Do you know how NonFiction writers support their writings with examples?

I am writing a motivational book and at times, I can talk about people that I know, but it would make things clearer, in some instances, if I could create an example that would be applicable to the information provided.

Do you know or have you heard what others have done in similar circumstances?  Can you direct me to any information on this subject?

Thank you

I have edited many a nonfiction book filled with examples, plus many books Ive read have included examples. Open almost any motivational or self-help book, and  you'll see examples and scenarios that illustrate a point.

Anecdotes and examples keep nonfiction books interesting while driving home points. People like to read about people, and stories make people relate to the material they are reading. To make a point in nonfiction, state a fact and then back it up with human beings in a real or imagined scenario, an anecdote that illustrates the point, or an example of what might happen.

For example, lets say this is the point you want to make: Add humanizing factors to your manuscripts, and readers will stay interested in the material.

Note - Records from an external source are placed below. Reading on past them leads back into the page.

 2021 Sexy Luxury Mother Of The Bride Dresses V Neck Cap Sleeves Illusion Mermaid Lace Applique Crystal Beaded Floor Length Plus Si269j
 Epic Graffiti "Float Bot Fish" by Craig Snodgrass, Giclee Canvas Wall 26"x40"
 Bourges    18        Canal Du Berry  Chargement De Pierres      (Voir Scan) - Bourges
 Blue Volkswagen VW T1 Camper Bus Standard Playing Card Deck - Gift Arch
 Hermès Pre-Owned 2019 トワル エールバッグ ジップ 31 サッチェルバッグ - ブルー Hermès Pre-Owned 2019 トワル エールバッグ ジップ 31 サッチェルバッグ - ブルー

To illustrate the point, you might add this: Gloria wrote a self-help manuscript on the subject of how to get a manuscript published. She submitted it to thirty-four agents, but only one responded favorably. The agent said he would be interested in the manuscript only if it gave examples to prove specific points. When Gloria added real-life anecdotes, all gleaned from fellow writers, the agent snapped up the manuscript, sold it to Tripleday for $2.5 million, and Gloria retired to the Bahamas.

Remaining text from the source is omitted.